Grouping & aggregation

var groups = items
    .GroupBy(i => i.Category)
    .ToDictionary(g => g.Key, g => g.Sum(i => i.Value));
def group_by_category(items: Iterator[Item]) -> dict[str, int]:
    result = {}
    for item in items:
        result[item.category] = result.get(item.category, 0) + item.value
    return result

In SynaFlow, GroupBy is just a step that accumulates in a local dict and returns it. No special grouping operator needed — plain Python is the query language.

When SynaFlow goes further

Persistence

LINQ streams are in-memory by design. SynaFlow's materializers let ToList() / ToDictionary() target disk, S3, Redis, or any backend without changing the consumer code. See Java Streams comparison for more on the protocol-over-concrete-type design.

Bounded streams (vs. standard LINQ / TPL)

Standard LINQ (IEnumerable) executes purely pull-based in lockstep on a single thread. It has no concept of a "bounded ahead" buffer between streaming steps.
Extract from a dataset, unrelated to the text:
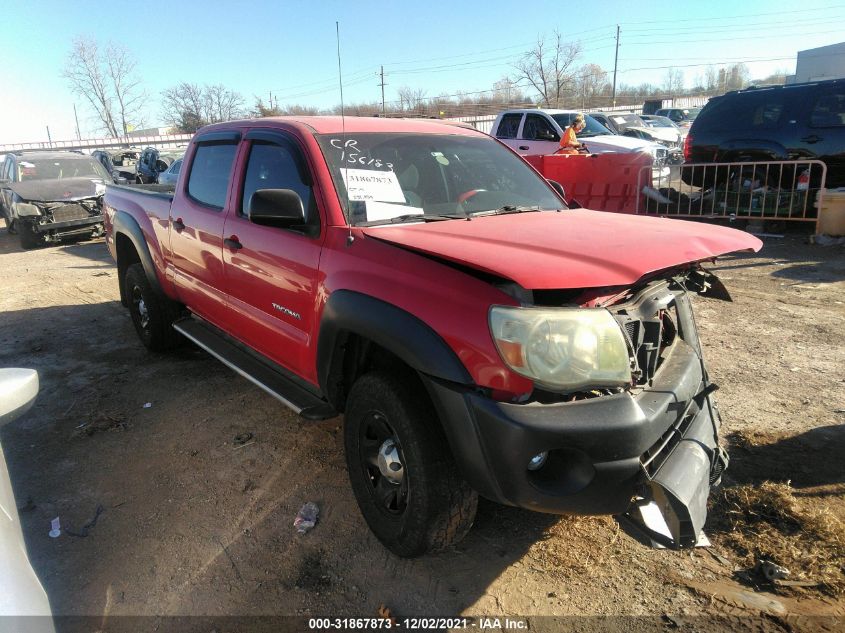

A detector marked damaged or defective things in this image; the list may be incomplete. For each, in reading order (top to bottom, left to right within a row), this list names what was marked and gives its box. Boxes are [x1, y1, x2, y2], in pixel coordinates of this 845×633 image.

In C#, when you need to let a producer task run ahead of a consumer task up to a specific limit (e.g. for I/O-bound operations), you typically transition to: * System.Threading.Channels (using a bounded channel Channel.CreateBounded<T>(N)). * TPL Dataflow blocks (using BoundedCapacity on blocks like TransformBlock).

SynaFlow embeds this capability directly into your DAG definition via max_in_flight=N on the step without requiring you to write channel or queue plumbing.